[[ Exercise data open ]]
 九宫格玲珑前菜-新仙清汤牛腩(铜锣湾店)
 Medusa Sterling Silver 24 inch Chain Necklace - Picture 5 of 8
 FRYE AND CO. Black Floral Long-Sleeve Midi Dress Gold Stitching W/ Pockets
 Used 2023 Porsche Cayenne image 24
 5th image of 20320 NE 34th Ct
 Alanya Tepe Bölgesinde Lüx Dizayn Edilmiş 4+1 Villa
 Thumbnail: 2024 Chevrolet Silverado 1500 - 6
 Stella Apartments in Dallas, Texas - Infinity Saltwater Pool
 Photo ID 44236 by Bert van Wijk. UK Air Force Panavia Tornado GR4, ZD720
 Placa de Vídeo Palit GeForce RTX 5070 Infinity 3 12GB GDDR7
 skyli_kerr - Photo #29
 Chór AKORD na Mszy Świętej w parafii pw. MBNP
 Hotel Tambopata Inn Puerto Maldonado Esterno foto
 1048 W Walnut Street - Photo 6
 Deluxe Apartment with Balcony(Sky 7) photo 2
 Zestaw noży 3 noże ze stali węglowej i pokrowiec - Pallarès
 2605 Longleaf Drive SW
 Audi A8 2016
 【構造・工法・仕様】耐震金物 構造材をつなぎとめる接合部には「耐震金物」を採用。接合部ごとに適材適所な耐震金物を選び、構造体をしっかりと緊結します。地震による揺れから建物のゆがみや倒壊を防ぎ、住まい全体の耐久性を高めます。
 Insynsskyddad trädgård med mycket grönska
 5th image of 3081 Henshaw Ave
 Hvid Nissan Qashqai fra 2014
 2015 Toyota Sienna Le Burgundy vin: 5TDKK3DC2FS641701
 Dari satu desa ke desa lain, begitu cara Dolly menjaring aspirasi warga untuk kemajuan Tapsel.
[[ Exercise data closed ]]
▶ [Exercise objective]
Within the data above, the span starting at the line containing "Placa de Vídeo" and ending at the line containing "Audi A8 2016" is to be retyped exactly, with no other lines.

▶ [Result below]
 Placa de Vídeo Palit GeForce RTX 5070 Infinity 3 12GB GDDR7
 skyli_kerr - Photo #29
 Chór AKORD na Mszy Świętej w parafii pw. MBNP
 Hotel Tambopata Inn Puerto Maldonado Esterno foto
 1048 W Walnut Street - Photo 6
 Deluxe Apartment with Balcony(Sky 7) photo 2
 Zestaw noży 3 noże ze stali węglowej i pokrowiec - Pallarès
 2605 Longleaf Drive SW
 Audi A8 2016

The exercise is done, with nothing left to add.